US task force leans toward easing curbs on crime-fighting agencies

A bipartisan task force on violent crime, appointed by US Attorney General William French Smith, appears ready to recommend to Mr. Smith that some post-Watergate restrictions on federal law-enforcement agencies by lifted.

The panel, established late in March, is scheduled to present an initial report to the attorney general early in June.

There is considerable dispute as to whether violent crime is actually rising as much as Mr. Smith says it is. One federal survey shows little change in violent crime between 1973 and 1979.

Justice Department analyses of US Census Bureau household surveys, which can note unreported crimes, showed the amount of violent crimes between 1973 and 1979 as essentially unchanged. But, according to the Federal Bureau of Investigation's Uniform Crime Report, based on crimes reported by local police, violent crime rose 60 percent during the 1970s. And in 1980 violent crime increased 13 percent, the FBI says.

And there is skepticism on the part of some crime experts as to just how much more the federal government can do to reduce the level of violent crimes.

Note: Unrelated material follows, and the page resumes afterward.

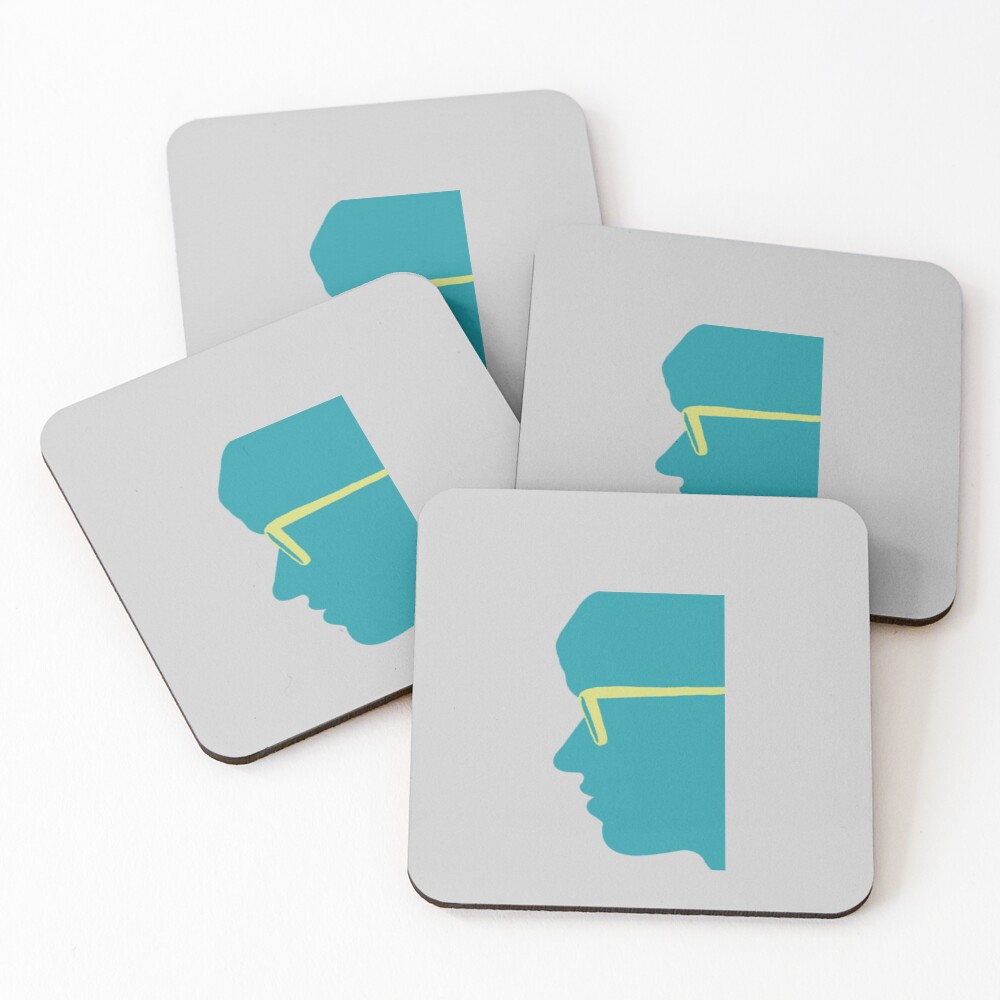 Item preview, Coasters (Set of 4) designed and sold by Raju2018.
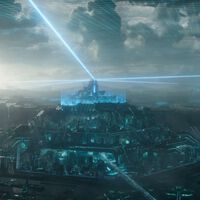 La película de ciencia ficción número 1 de Disney+ en 56 países. Una espectacular aventura de 220 millones de dólares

But the Reagan administration seems determined to try to make its mark on violent crime -- a problem that ranks high among the concerns of many Americans.

The cochairman of the task force, Griffin B. Bell, attorney general under President Carter, says he thinks the problem may have become of great enough concern to overcome past congressional opposition to certain expansions of the federal role in law enforcement. (The other cochairman is Gov. James Thompson of Illinois.)

"The Watergate reaction . . . atmosphere is dying away," Mr. Bell says.

In a public hearing here, task force members called for renewing efforts to lower two law enforcement restrictions backed in the immediate post-Watergate period: a ban against the Internal Revenue Service (IRS) sharing criminal information with other federal agencies; and congressional resistance to an FBI data center that would supply state and local police with records on criminals.

Sen. Sam Nunn (D) of Georgia has introduced a number of bills to strengthen federal law enforcement efforts, including IRS information-sharing. Criticism of the IRS sharing data during the Nixon administration led to passage of a law against that. The idea of a national criminal records center that local police could use is not new. But so far, Congress has not been willing to go along with it.

The task force proposals, if sought in legislation by the Reagan administration, will run into some opposition.

The IRS information sharing is "inconsistent with the principle against self-incrimination," says Norman Dorsen, president of the American Civil Liberties Union. And the idea of a national criminal data bank raises such "risks to privacy" that it must be studied very carefully before being attempted , he adds.

Meanwhile, the FBI, beginning in June, will operate a computerized Interstate Identification Index, to tell state and local police which states have criminal information on individuals. Then the states are free to swap information among themselves.